Do you know if your wife masturbates or looks at porn? I'm wondering if she has a sex drive and doesn't want you much or if she doesn't have one. How into porn are you? Any chance your porn use bothers her?

And your analysis of her reaction after you walked away from sex is very much from a man's point of view. A woman will assume she doesn't do it for you and shut down. That may have nothing to do with anything but just wanted to throw it out there.
_Posted via Mobile Device_


----------



## lifeistooshort (Mar 17, 2013)

Trying2figureitout said:


> I really doubt women in these situations enjoy their life and WANT to make it better but CANNOT.... I envision a scenario where you liked something now you are repulsed by it. What the problem is though that's where it ends...I don't think they do NEARLY enough to work the issue and come up with alternatives or levels of ramping up affection in other ways and attempting sex in spite of the repulsion.
> 
> That is I think in the female makeup they *avoid hard things*.... when its hard they tend to not want to do it. Not saying they are lazy but I see it all the time, females tend to do what they like or are good at and when its hard like learning a difficult math problem, or figuring out the remote they give up. So asking them to figure out why the feel repulsed by sex is too hard and they avoid it.
> 
> This is not me bashing women again its stating fact. Women are great at many things including in many ways superior to men. But when it comes to doing something about their marriages they tend to fail, not assess and drag their feet.... divorces are mostly started by women because marriage is too hard. And sexless marriage is usually because the women chose it or accepts it.


Your assertion of fact is interesting. That may be your experience but I have known men like this, and as an actuary with a BS in physics I can assure you that I think about how to solve complicated problems all the time.

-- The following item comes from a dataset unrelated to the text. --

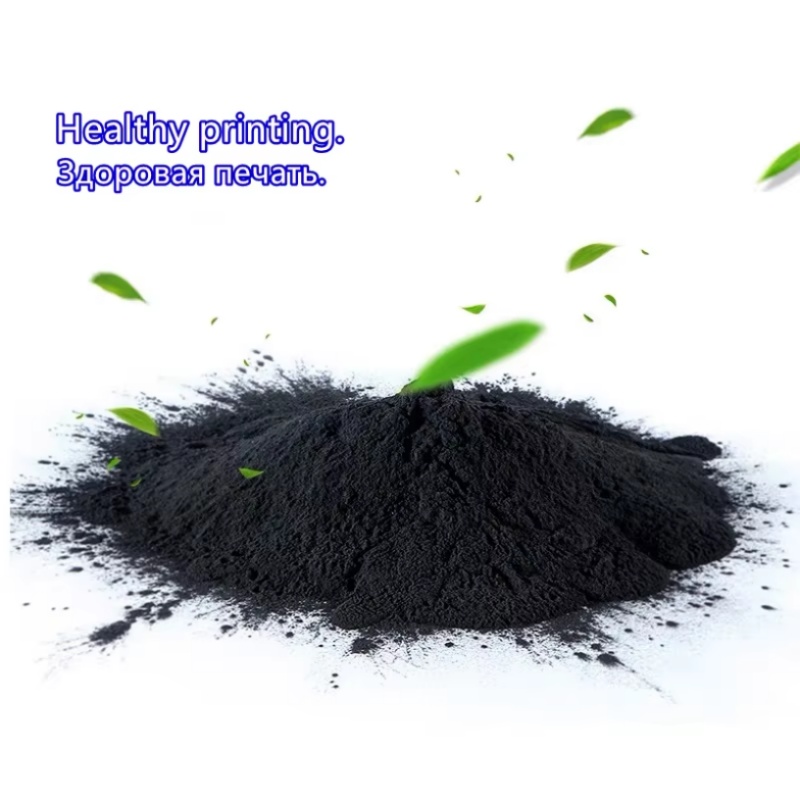 Black Toner Powder Compatible  - Toner Cartridge 评论和价格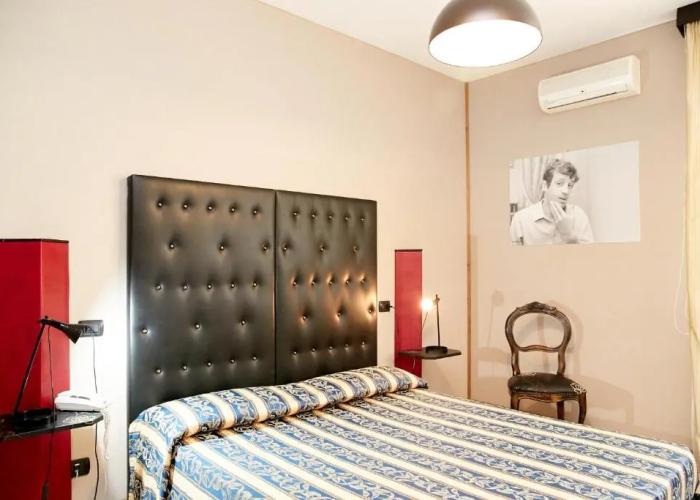 Hotel Ospite Inatteso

Women can and do solve plenty of problems, but where they fail is in thinking enough about sexual attraction when choosing a partner. We are very much raised to look for a guy that will be a good hb, provider, and father but not necessarily one we're attracted to. Men, in the other hand, think too much about attraction at the expense of everything else, but at least they're honest about the need for it. I'd guess that the issue here is that she's not that attracted to him, and this can't be fixed which is why she ignores it. If you had a wife you just weren't attracted to exactly how would you fix it?
_Posted via Mobile Device_


----------



## 2xloser (May 8, 2011)

Can't help myself, have to chime in here as I read through your whole thread:
1) Do NOT cheat -- you've sold your soul enough already; at least you can say you still have your honor. That is just lousy, lousy advice and ALWAYS a bad idea. Period. Furthermore, I'd argue that the advice to start building secrets (email accounts etc.) is also lousy advice if you really want a better marriage. 
2) Do NOT assume she'd not cheat. My stbx wanted for nothing, didn't have to work, beach club membership, nice town, nice home, the whole deal. I didn't insist on a better sex life, was a FNG, and she went out and found herself someone that excited her. 
3) Your issue isn't a lack of sex. As others have pointed out, it's really a lack of communication, leading to a lack of connection, leading to a lack of sex. Start with the first, proceed to the second, then get the third 'naturally' is my advice. If you are at the point of giving up (BAD idea), I'd even propose putting it all on the table, STOPPING any sexual activity while you re-commit to communicating and connecting, until you both "feel it" and/or "need it"... but talking about WHY is of utmost important.
4) If you can seriously be ok with choosing beer over sex, then lack of sex REALLY isn't your issue, admit it. It's a passive-aggressive thing, and it points to what is really wrong with your marriage.
5) Man up on your portion of the issue, but accept nothing less than her owning her 50%...and get agreement to admit there's an issue, a commitment to work on it jointly, and consensus on talking!! 
6) You are headed for a very poor outcome -- resentment long term ( can either of you really accept this for the next 40-50 years?), D, an affair, and/or a sexless marriage. GET yourselves to a counselor, drag her physically if you must, but make it clear you do not accept this for either of you. That alpha approach alone is something to start from...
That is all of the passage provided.